*** Opening of PROVIDED ENTRIES ***
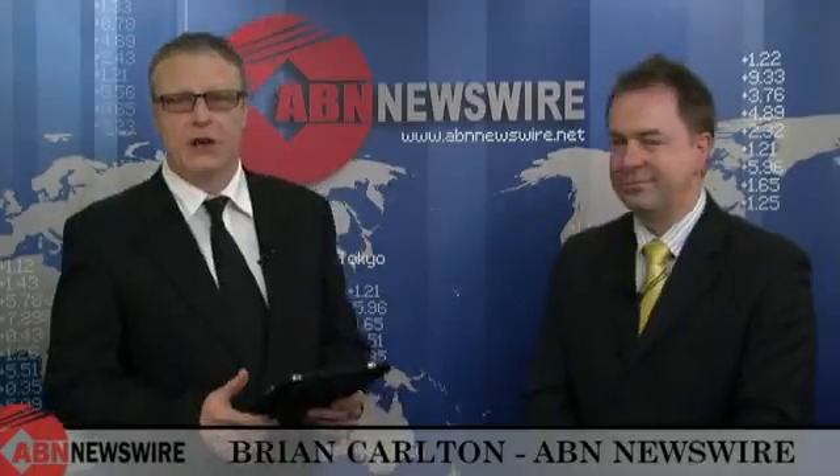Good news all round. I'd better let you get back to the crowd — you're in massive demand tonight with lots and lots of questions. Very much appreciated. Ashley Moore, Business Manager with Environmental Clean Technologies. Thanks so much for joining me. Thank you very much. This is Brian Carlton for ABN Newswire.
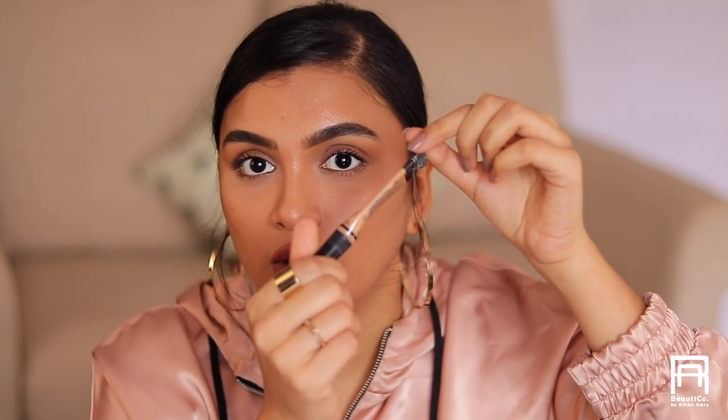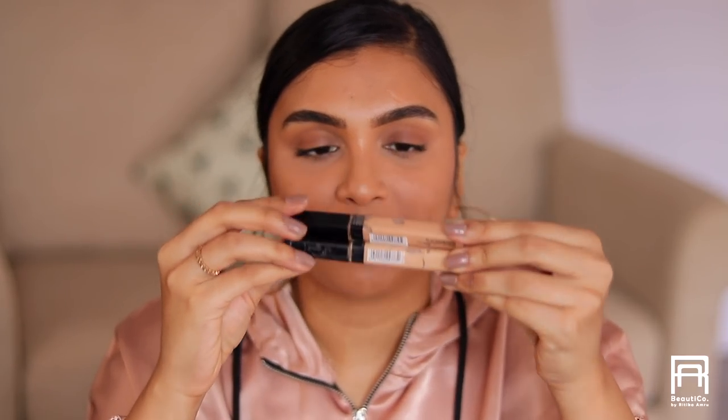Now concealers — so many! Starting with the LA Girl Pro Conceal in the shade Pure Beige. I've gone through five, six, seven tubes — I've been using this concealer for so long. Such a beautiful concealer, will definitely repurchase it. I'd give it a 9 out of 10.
*** Close of PROVIDED ENTRIES ***
*** Opening of PROVIDED ENTRIES ***
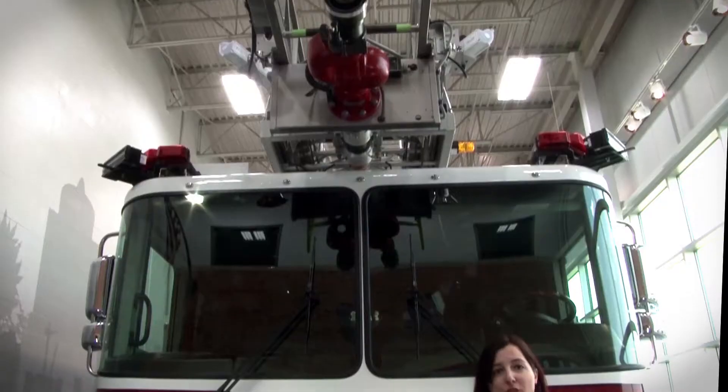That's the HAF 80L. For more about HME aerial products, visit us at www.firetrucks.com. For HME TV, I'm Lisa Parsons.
*** Close of PROVIDED ENTRIES ***
*** Opening of PROVIDED ENTRIES ***
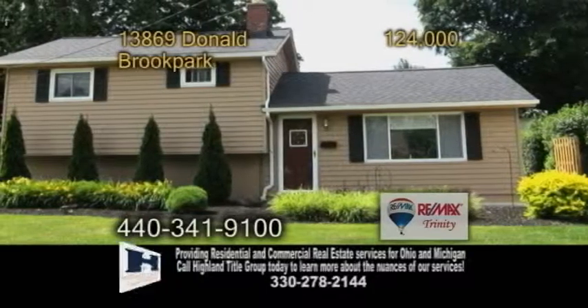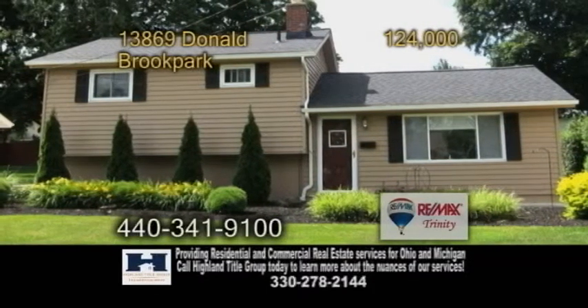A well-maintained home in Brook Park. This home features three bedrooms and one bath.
*** Close of PROVIDED ENTRIES ***
■ EXERCISE PROMPT ■
Take the material above from the line containing "Good news all" up to and including the line containing "Now concealers —" and retype it exactly, without any pictures.

■ SOLUTION FOR THIS TASK ■
Good news all round. I'd better let you get back to the crowd — you're in massive demand tonight with lots and lots of questions. Very much appreciated. Ashley Moore, Business Manager with Environmental Clean Technologies. Thanks so much for joining me. Thank you very much. This is Brian Carlton for ABN Newswire.
Now concealers — so many! Starting with the LA Girl Pro Conceal in the shade Pure Beige. I've gone through five, six, seven tubes — I've been using this concealer for so long. Such a beautiful concealer, will definitely repurchase it. I'd give it a 9 out of 10.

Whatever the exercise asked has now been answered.